Bayesian Lattice Filters for Time-Varying Autoregression and Time-Frequency Analysis

TL;DR

This paper introduces a Bayesian lattice filter method for modeling nonstationary time series using time-varying autoregressive models, providing accurate, computationally efficient time-frequency analysis across diverse scientific fields.

Contribution

It presents a novel Bayesian lattice filter approach in the partial autocorrelation domain for time-varying autoregressive modeling, improving estimation stability and efficiency.

Findings

Outperforms competing methods in spectral density estimation accuracy

Demonstrates effectiveness on ecological, environmental, and economic data

Provides stable, fast computation without matrix inversions

Abstract

Modeling nonstationary processes is of paramount importance to many scientific disciplines including environmental science, ecology, and finance, among others. Consequently, flexible methodology that provides accurate estimation across a wide range of processes is a subject of ongoing interest. We propose a novel approach to model-based time-frequency estimation using time-varying autoregressive models.
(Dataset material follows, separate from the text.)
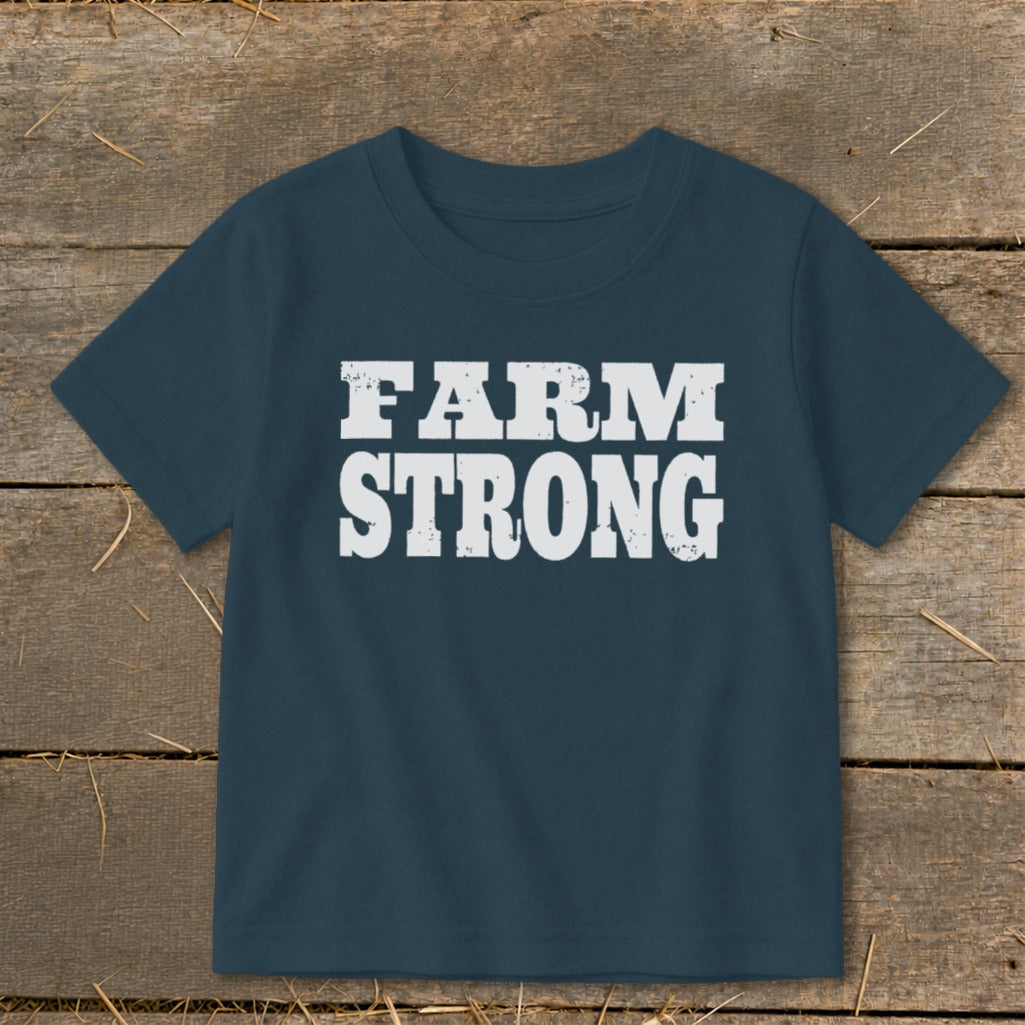 A dark blue short-sleeve children's t-shirt with the white distressed text "FARM STRONG" centered on the chest.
In this context, we take a fully Bayesian approach and allow both the autoregressive coefficients and innovation variance to vary over time. Importantly, our estimation method uses the lattice filter and is cast within the partial autocorrelation domain. The marginal posterior distributions are of standard form and, as a convenient by-product of our estimation method, our approach avoids undesirable matrix inversions. As such, estimation is extremely computationally efficient and stable. To illustrate the effectiveness of our approach, we conduct a comprehensive simulation study that compares our method with other competing methods and find that, in most cases, our approach performs superior in terms of average squared error between the estimated and true time-varying spectral density. Lastly, we demonstrate our methodology through three modeling applications; namely, insect communication signals, environmental data (wind components), and macroeconomic data (US gross domestic product (GDP) and consumption).